AVMA Presents Meritorious Service Award to Dr. Bruce Kaplan
The American Veterinary Medical Association presented its Meritorious Service Award to Dr. Bruce Kaplan ’63, a staunch advocate of the one-health concept, during the organization’s national meeting.
The Meritorious Service Award is the AVMA’s highest honor for a veterinarian who has brought honor and distinction to the veterinary profession through personal, professional, or community service activities outside organized veterinary medicine and research.
“The Auburn University College of Veterinary Medicine is proud of Dr. Kaplan’s dedicated service to promoting the concept of one health as a core element of veterinary medicine,” Dean Calvin Johnson said. “We congratulate Dr. Kaplan for his well-deserved recognition.”
Dr. Kaplan, who earned his DVM from Auburn in 1963, is a retired veterinarian, formerly a writer, editor, and consultant on public affairs issues. He current devotes his time to promoting the one-health movement along with a collaborative team of human and veterinary medical experts.
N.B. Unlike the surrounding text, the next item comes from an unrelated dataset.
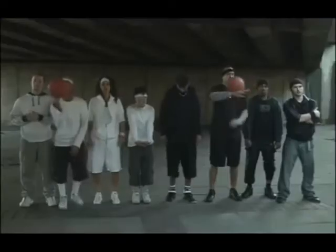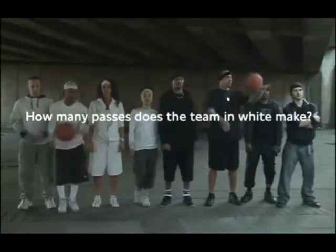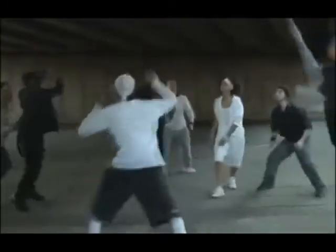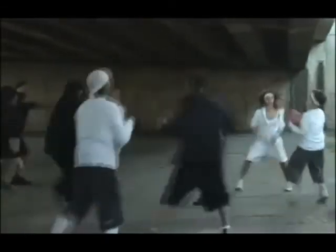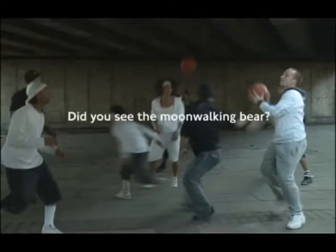This is an awareness test. How many passes does the team in white make? The answer is 13, but did you see the moonwalking bear?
The one-health concept proposes that human, animal and environmental health is inextricably interconnected. Dr. Kaplan is the primary contents manager for the One Health Initiative website, www.onehealthinitiative.com, and serves as a contributing editor on the editorial board of the One Health Newsletter. He also serves on the scientific advisory board of Veterinaria Intaliana; the editorial advisory board of Infection, Ecology & Epidemiology; and the board of the American Veterinary Epidemiology Society.
Currently a resident of Sarasota, Fla., Dr. Kaplan practiced small animal medicine for more than 23 years. He held positions in public health with the Centers for Disease Control and Prevention as an epidemiologist and with the Department of Agriculture Office of Public Health and Science. He also served as the USDA Food Safety and Inspection Service public affairs specialist in California for 14 western states.
He co-authored the Food Safety in the United States chapter in a 1998 American Society of Microbiology book about organisms causing foodborne illness such as the dangerous strain of E. coli 0157:H7; and another ASM book chapter, Campylobacter Prevention and Control: the USDA-Food Safety and Inspection Service Role and New Food Safety Approaches, which discusses the most common cause of bacterial foodborne illness in the United States.
Dr. Kaplan has written, co-authored and edited numerous articles for newspapers such as a pet care column for three years in the Louisville Courier-Journal and the St. Petersburg Times, and scientific publications such as the Inspection Insights food safety column for three years in the Journal of the AVMA, and for the U.S. Department of Agriculture’s Food Safety and Inspection Service. He has published many scientific articles on canine and feline medical and surgical concepts in veterinary medical professional journals.
His awards include the AVMA’s Practitioner Research Award, the USDA’s Group Honor Award for Excellence, and an Honorary Diploma from the American Veterinary Epidemiology Society.